● **Problem to solve**:
Transcribe the entries below with complete accuracy, excluding the pictures.

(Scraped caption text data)
= = = =
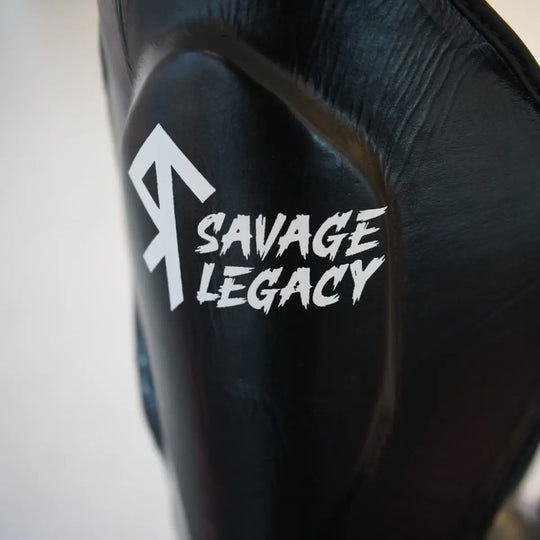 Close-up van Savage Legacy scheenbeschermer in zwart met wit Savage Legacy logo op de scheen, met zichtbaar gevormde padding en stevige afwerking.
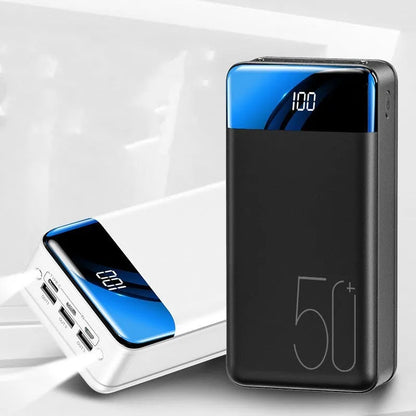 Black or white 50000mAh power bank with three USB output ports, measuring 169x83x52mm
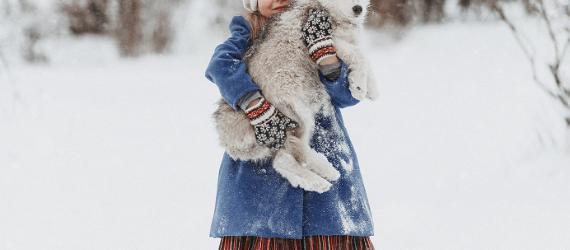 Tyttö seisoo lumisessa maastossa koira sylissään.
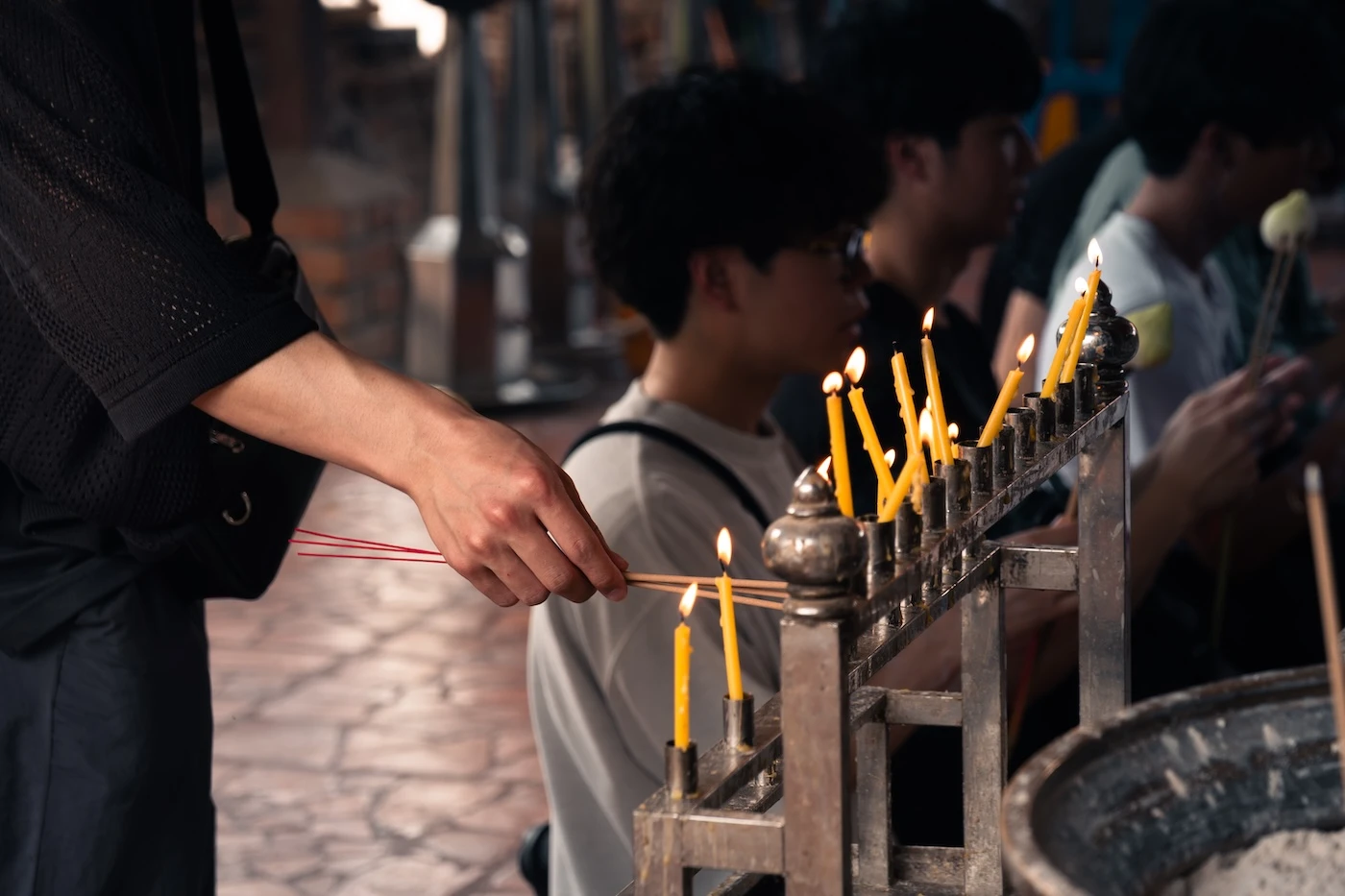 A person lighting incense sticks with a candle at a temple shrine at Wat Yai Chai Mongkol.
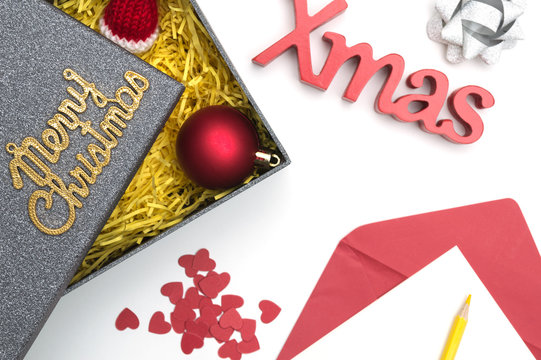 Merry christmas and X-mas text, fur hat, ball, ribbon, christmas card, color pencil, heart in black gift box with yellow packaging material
= = = =
● **Exercise solution**:
 Close-up van Savage Legacy scheenbeschermer in zwart met wit Savage Legacy logo op de scheen, met zichtbaar gevormde padding en stevige afwerking.
 Black or white 50000mAh power bank with three USB output ports, measuring 169x83x52mm
 Tyttö seisoo lumisessa maastossa koira sylissään.
 A person lighting incense sticks with a candle at a temple shrine at Wat Yai Chai Mongkol.
 Merry christmas and X-mas text, fur hat, ball, ribbon, christmas card, color pencil, heart in black gift box with yellow packaging material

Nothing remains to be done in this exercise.